# [Data to examine]
*** Begin section ***

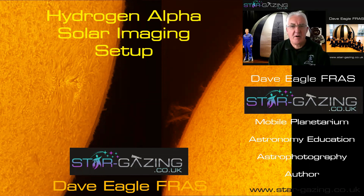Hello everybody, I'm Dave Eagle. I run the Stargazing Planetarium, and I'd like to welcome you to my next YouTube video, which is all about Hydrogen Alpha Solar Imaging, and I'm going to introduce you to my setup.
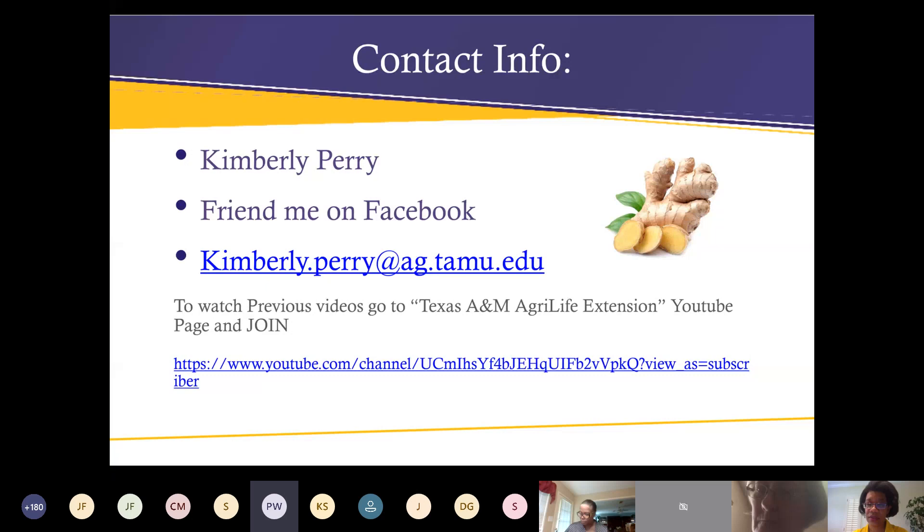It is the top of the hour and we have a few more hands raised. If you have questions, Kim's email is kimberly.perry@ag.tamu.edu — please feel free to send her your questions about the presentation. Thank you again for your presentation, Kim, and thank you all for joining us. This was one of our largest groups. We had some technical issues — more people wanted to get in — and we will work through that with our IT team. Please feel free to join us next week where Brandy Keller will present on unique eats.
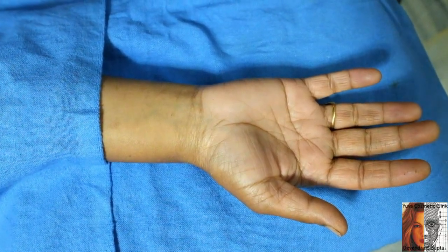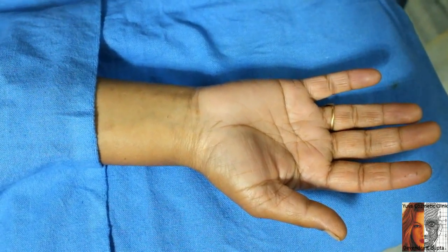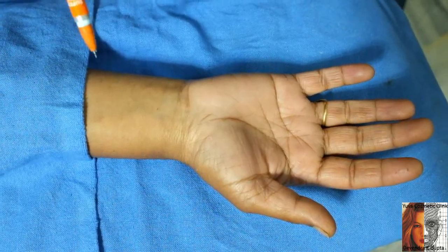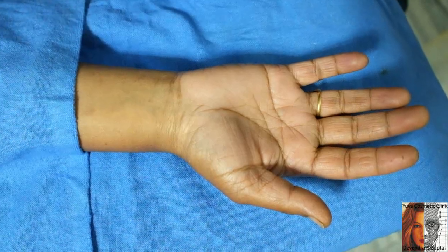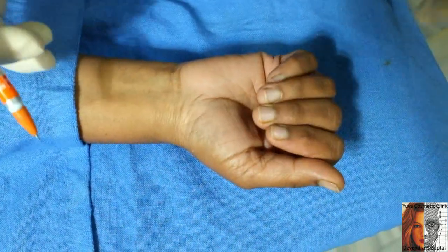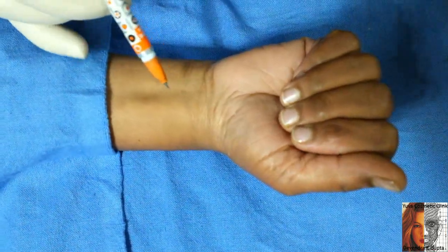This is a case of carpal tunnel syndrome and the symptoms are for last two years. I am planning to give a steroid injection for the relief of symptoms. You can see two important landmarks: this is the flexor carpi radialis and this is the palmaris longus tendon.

*** End section ***
*** Begin section ***

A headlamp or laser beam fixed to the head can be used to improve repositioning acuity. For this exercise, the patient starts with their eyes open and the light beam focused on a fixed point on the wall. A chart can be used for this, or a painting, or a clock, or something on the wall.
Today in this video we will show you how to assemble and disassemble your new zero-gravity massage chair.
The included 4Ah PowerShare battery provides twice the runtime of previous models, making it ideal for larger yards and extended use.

*** End section ***

# [Exercise directions]
Within the listing above, the range opens at the line with "Today in this" and closes at the line with "The included 4Ah". Reproduce exactly the lines of that range, including both ends.

# [Answer to this exercise]
Today in this video we will show you how to assemble and disassemble your new zero-gravity massage chair.
The included 4Ah PowerShare battery provides twice the runtime of previous models, making it ideal for larger yards and extended use.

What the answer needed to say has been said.